For the first time, the Navy and Northrop Grumman have demonstrated the ability to make an unmanned aircraft make carrier landings and take-offs today, using an F-18 rigged to fly the same way.
It is part of the Navy’s effort to develop a stealthy and unmanned aircraft –UCAS-D, also known as the X-47B — able to fly from carriers and provide intelligence, surveillance and reconnaissance, as well as strike capabilities.
The crucial part of the test involved the F-18 making “several successful launches and recoveries” using the UCAS-D navigation control software from the USS Eisenhower.
The program manager, Capt.
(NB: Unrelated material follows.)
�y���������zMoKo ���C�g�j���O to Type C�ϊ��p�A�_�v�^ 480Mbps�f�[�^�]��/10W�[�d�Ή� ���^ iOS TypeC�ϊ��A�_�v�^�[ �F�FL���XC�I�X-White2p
Jaime Engdahl, called the event “a significant and critical step toward landing the X-47B on the carrier deck in 2013.”
Janis Pamiljans, Northrop’s vice president for the program, said the results “could be applied, in theory, to any manned or unmanned carrier-compatible aircraft, which could have a dramatic effect on the tempo and efficiency of future carrier operations.”
There was a pilot in the loop for safety during the tests.
“Using a manned surrogate platform to test the unmanned systems avionics and software gives us an extra layer of safety as we test the X-47B software to ensure that it responds correctly and safely to different flight conditions,” explained Glenn Colby, who leads the Navy’s integration of planes and ships for programs.
Perhaps the most interesting long-term capability for the X-47B will be the ability for it be controlled in flight by F-35 pilots. While no one in the military is placing bets yet on when this might be possible, it is a crucial long-term goal of senior Navy, Marine and Air Force officials.